In giving him the prestigious Pritzker Architecture Prize in 1989, art critic and juror Ada Louise Huxtable wrote that Gehry allowed delight to break through in each structure he designed.

“One cannot think of anything he has done that doesn’t make one smile,” she wrote.

“These are light and lively designs and buildings that lift the spirit with revelations of how the seemingly ordinary can become extraordinary by acts of imagination.”

Gehry’s projects are too numerous to name, but among his other notable works are the redesign of the Art Gallery of Ontario in Toronto, the Gehry Tower in Hannover, Germany, and the Louis Vuitton Foundation for Creation in Paris.

The enduring influence of Gehry’s grandmother inspired him to take a more active role in the next generation of creators. He joined Turnaround Arts, a U.S. program run by the Kennedy Center that aims to improve the academic performance of the country’s lowest-achieving schools by increasing engagement with the arts.

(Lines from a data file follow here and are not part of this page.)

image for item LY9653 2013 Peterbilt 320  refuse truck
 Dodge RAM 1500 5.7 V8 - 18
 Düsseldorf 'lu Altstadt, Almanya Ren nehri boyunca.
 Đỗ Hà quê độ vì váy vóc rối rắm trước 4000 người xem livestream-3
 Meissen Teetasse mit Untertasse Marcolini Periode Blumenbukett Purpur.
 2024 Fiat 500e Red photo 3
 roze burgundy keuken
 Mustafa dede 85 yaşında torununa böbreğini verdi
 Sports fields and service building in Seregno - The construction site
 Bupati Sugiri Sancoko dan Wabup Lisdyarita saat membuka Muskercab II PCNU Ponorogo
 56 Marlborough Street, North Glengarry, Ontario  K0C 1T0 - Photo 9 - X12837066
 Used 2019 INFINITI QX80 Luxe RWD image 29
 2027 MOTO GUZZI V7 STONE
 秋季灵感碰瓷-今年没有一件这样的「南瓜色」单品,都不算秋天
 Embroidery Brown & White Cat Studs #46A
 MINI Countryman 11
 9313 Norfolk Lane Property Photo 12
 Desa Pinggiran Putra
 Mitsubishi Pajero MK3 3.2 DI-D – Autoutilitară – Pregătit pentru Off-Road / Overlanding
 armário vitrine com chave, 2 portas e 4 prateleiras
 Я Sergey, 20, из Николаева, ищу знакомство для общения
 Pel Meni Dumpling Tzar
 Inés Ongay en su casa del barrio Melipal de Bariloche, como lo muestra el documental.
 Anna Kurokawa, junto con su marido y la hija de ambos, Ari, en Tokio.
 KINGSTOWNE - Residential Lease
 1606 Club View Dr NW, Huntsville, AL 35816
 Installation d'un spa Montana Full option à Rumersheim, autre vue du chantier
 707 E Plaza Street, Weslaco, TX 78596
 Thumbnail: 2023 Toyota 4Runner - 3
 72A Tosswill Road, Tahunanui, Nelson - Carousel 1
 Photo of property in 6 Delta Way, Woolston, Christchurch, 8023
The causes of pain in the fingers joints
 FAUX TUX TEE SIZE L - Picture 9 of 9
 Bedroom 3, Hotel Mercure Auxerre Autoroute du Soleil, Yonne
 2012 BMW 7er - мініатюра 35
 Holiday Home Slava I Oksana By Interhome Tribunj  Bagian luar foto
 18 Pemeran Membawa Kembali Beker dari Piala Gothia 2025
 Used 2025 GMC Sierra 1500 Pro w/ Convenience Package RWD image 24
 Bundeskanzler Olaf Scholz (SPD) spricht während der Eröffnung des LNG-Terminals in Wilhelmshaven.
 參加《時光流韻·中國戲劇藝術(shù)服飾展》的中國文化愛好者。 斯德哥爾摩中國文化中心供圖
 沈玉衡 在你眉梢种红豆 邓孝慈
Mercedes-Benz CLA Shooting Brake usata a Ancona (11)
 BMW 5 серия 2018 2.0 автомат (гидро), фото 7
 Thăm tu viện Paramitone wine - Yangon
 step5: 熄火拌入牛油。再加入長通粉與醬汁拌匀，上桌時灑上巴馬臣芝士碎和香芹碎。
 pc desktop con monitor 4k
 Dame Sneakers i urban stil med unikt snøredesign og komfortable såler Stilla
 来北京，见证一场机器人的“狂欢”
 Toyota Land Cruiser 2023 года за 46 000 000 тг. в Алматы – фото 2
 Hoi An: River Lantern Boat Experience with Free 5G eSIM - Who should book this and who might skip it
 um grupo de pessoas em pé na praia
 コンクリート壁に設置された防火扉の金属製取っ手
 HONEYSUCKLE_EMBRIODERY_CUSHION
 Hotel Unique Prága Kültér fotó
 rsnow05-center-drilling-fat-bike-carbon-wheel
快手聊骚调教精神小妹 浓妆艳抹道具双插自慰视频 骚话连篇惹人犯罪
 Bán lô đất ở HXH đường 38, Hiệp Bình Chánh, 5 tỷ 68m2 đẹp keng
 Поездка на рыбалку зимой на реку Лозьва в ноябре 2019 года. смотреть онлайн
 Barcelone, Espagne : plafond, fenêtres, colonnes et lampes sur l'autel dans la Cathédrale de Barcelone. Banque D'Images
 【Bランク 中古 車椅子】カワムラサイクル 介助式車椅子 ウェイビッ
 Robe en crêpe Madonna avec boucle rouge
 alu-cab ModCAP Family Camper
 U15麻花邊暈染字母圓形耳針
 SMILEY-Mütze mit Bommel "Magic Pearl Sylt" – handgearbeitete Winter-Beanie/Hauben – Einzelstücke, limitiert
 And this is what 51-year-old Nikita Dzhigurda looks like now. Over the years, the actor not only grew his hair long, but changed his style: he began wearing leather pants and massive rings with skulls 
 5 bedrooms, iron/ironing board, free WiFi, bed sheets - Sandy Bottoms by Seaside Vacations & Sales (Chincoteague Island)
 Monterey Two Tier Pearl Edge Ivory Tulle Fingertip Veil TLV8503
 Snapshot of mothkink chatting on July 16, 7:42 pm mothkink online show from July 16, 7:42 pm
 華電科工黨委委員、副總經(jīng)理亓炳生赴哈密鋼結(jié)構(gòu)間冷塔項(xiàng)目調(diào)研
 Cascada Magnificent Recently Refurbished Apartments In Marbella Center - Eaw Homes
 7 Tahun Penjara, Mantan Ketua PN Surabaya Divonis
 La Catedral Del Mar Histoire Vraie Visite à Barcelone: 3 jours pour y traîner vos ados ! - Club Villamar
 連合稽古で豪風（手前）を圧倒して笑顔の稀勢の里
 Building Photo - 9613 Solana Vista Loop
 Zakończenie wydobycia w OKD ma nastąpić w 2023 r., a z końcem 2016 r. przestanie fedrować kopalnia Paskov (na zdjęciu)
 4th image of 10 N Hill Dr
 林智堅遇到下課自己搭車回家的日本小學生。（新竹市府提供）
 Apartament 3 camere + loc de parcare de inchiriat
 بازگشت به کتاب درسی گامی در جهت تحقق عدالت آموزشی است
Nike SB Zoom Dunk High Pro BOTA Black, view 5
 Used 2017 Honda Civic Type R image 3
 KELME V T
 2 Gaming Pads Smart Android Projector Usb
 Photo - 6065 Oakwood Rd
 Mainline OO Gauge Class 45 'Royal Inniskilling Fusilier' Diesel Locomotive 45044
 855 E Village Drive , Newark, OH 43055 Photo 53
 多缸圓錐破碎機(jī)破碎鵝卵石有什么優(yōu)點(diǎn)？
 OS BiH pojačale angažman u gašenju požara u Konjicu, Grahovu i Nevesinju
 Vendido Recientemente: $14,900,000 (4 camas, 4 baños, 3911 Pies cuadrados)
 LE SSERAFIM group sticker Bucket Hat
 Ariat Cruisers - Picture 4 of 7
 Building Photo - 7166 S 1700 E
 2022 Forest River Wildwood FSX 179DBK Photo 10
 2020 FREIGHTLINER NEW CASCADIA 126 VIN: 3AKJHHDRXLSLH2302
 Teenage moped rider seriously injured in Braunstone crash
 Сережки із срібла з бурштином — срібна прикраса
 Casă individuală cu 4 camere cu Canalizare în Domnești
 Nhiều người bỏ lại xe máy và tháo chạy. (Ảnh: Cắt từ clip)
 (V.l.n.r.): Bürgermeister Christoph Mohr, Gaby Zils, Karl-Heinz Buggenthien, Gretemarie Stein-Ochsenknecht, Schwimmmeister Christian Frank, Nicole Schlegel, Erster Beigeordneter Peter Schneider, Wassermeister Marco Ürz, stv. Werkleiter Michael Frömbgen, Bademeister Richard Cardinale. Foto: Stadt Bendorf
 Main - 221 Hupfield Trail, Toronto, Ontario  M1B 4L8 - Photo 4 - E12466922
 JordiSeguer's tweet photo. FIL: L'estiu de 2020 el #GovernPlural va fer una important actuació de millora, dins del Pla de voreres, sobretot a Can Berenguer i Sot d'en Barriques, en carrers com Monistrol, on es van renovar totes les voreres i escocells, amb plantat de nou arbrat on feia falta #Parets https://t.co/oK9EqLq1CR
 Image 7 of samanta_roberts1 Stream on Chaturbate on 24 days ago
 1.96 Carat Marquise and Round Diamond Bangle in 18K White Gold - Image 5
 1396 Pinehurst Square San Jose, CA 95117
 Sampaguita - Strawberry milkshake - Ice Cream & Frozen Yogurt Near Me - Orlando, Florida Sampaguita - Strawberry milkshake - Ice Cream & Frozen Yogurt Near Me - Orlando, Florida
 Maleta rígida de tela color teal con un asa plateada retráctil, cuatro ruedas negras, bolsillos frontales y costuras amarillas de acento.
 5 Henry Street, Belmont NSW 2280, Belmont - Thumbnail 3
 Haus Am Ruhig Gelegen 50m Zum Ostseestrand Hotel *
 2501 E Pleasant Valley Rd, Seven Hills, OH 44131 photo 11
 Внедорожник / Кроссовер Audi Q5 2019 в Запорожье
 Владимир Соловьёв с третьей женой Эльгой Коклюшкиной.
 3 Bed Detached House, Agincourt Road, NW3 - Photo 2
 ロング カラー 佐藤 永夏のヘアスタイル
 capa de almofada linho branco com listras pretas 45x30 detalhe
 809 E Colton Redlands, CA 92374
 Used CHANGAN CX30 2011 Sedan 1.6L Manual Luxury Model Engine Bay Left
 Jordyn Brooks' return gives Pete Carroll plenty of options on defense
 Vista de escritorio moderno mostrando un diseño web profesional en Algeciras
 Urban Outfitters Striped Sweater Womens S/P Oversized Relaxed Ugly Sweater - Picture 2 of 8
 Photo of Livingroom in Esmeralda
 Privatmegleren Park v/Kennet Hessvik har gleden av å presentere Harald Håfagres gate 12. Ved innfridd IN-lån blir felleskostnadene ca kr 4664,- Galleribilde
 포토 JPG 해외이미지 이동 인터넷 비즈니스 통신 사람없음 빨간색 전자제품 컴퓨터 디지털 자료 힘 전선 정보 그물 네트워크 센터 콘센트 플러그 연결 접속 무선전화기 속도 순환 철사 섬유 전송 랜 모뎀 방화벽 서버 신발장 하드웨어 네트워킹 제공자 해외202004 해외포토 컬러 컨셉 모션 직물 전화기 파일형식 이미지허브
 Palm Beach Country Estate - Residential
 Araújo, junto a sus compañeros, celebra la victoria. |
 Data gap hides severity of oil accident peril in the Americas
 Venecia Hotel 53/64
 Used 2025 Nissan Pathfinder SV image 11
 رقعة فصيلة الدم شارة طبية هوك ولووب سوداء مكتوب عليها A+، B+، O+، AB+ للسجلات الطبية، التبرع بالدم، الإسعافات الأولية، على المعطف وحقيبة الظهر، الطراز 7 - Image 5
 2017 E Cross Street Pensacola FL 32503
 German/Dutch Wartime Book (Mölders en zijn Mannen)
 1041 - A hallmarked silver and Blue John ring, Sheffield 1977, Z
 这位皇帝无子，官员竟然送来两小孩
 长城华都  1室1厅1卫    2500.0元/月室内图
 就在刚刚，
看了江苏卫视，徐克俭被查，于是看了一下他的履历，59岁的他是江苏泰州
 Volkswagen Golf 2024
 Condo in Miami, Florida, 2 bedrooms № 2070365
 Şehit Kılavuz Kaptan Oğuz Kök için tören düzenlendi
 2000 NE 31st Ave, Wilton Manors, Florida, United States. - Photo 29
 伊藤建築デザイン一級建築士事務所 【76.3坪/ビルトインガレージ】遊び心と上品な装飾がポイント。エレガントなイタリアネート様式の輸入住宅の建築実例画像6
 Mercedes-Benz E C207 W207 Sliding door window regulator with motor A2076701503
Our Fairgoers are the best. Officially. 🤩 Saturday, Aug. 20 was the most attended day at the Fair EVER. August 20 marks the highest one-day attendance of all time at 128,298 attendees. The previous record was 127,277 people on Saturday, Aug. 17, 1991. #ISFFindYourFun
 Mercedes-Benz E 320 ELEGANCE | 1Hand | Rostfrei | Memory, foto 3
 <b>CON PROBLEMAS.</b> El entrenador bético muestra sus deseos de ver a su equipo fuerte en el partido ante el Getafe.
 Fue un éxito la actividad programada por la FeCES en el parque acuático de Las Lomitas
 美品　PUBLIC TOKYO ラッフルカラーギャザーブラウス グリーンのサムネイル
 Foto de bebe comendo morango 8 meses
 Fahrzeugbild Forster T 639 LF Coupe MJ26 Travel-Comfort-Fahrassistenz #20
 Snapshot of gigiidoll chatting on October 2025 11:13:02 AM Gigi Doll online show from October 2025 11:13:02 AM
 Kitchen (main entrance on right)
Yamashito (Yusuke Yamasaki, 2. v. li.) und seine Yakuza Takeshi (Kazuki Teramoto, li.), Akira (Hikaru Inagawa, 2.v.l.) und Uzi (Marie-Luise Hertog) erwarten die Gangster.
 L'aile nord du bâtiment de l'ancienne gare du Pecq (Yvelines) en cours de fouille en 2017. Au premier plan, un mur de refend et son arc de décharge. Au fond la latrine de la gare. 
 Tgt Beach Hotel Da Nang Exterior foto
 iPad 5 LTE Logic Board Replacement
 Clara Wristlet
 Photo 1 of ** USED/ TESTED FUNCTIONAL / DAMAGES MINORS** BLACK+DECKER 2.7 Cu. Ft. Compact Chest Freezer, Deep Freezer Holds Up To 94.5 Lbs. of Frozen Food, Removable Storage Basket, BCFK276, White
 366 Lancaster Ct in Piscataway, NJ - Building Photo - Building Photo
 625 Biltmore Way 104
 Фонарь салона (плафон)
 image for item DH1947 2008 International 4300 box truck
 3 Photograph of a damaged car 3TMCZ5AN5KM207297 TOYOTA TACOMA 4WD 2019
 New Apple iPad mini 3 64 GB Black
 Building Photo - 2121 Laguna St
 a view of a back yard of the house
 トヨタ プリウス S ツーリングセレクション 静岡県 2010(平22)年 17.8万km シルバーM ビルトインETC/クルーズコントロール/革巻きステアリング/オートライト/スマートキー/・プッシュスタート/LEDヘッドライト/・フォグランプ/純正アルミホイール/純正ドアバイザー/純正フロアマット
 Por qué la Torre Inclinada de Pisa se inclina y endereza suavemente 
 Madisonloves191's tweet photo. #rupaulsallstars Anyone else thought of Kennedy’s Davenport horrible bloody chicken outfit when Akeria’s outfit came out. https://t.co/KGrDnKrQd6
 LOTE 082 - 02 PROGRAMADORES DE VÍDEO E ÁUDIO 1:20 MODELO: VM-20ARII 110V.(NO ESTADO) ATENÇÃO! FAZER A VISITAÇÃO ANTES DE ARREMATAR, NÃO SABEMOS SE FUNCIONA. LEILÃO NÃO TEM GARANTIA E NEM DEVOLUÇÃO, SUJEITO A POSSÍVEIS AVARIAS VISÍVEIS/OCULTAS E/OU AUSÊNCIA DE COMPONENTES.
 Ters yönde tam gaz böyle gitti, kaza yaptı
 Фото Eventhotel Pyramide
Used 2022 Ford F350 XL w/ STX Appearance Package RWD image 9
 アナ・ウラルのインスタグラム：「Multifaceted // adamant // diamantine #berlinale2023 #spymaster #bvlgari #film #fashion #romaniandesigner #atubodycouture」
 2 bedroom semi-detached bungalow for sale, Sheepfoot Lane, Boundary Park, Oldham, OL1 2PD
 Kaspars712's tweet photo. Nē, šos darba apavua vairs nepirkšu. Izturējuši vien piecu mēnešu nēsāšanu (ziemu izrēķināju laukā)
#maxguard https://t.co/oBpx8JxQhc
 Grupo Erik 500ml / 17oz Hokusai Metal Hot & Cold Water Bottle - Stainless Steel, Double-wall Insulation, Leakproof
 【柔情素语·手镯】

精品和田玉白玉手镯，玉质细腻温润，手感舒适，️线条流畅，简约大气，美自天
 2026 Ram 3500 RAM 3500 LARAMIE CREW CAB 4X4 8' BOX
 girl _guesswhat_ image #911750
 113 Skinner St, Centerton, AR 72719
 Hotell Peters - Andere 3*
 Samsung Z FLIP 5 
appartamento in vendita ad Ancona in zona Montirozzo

Gehry was among the leaders who taught classes on architecture to students he says were often uninspired by academia otherwise. He would put physical materials in front of them, just like his grandmother once did, and ask them to use their imaginations.

“You can get them involved with painting and making things — that tactile stuff,” he told The Canadian Press in a 2019 interview.

“When they make a little building, or a city… you can say, ‘If you put them together who runs the city?’ So you can teach civics and all that stuff. So, I think my grandma’s idea was perfect.”

Gehry was awarded the Presidential Medal of Freedom, America’s highest civilian honour, in 2016 by former U.S. president Barack Obama.

In his speech, Obama said Gehry inspired others through his advocacy for arts education and philanthropy.

“The idea of what architecture could be, he decided to upend,” Obama said.

“Frank’s work teaches us that while buildings may be sturdy and fixed to the ground, like all great art they can lift our spirits. They can soar, they can broaden our horizons.”